**Source data:**
== == ==

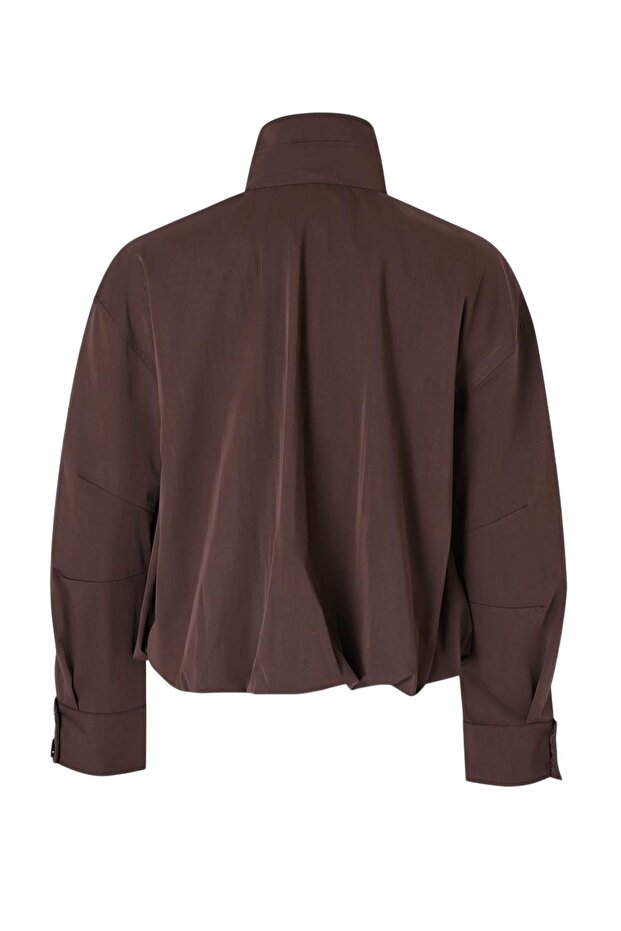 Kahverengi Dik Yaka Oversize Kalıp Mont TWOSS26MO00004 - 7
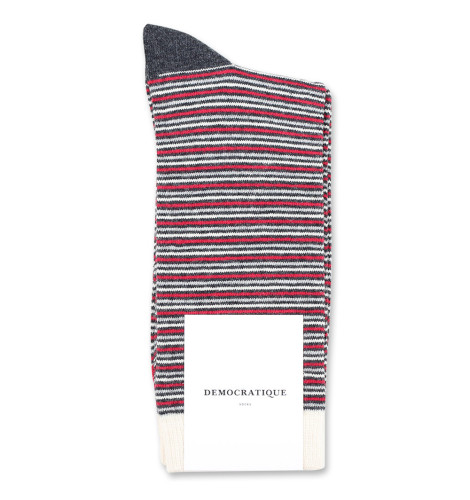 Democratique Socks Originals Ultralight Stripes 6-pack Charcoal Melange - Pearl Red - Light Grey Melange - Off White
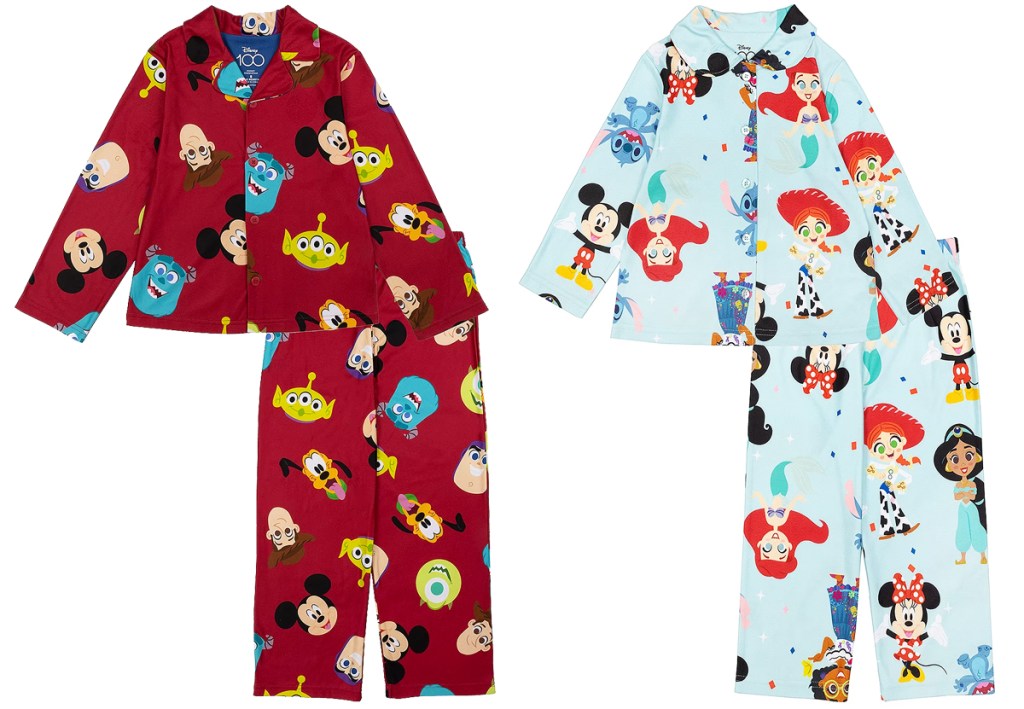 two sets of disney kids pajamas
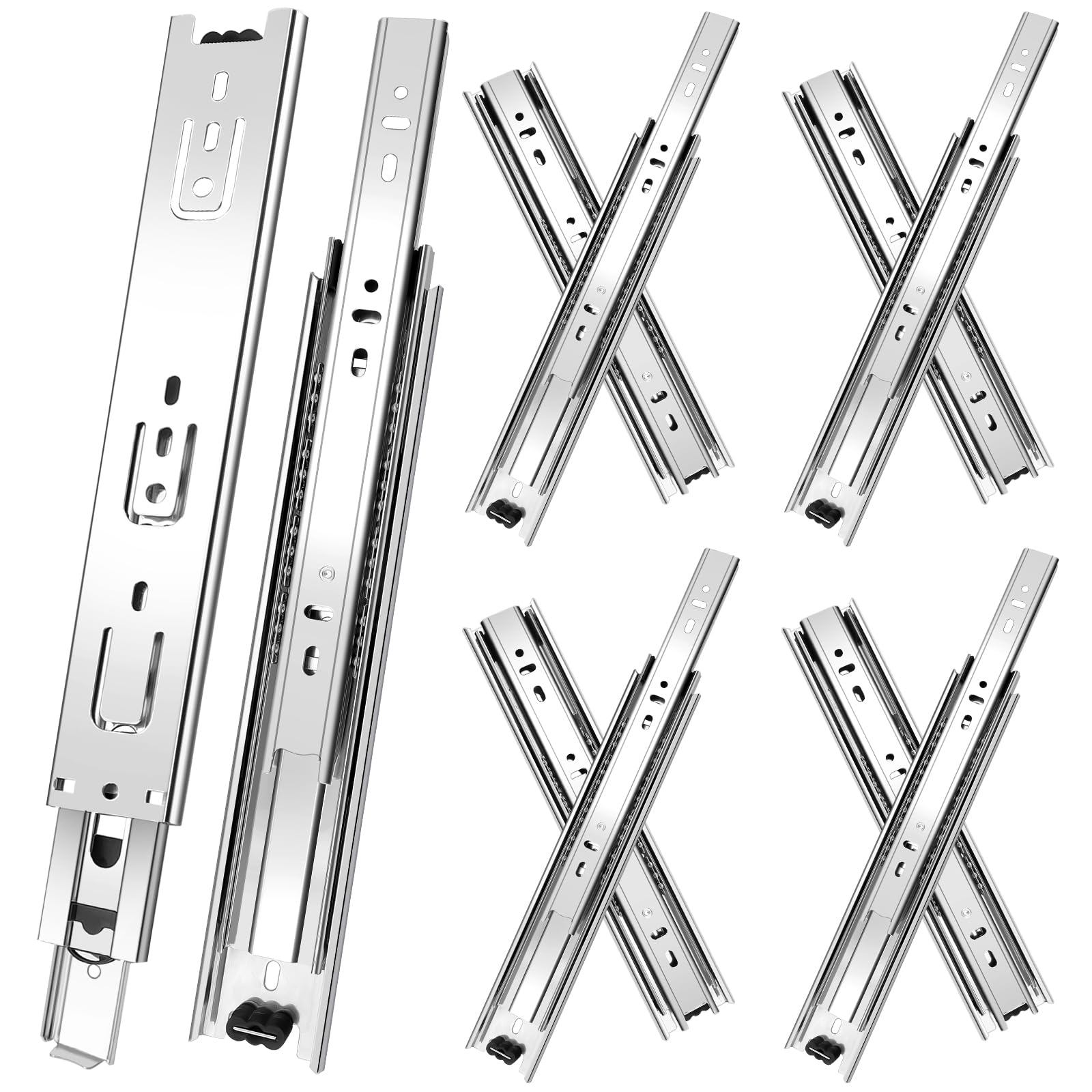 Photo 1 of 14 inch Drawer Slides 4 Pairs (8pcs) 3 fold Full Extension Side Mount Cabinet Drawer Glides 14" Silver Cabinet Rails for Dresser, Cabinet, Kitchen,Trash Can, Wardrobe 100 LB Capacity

== == ==

**Problem description:** Copy only what runs above from the line containing "Democratique Socks Originals" through the line containing "two sets of disney kids pajamas", exactly. Leave out the pictures.

**Task answer:**
 Democratique Socks Originals Ultralight Stripes 6-pack Charcoal Melange - Pearl Red - Light Grey Melange - Off White
 two sets of disney kids pajamas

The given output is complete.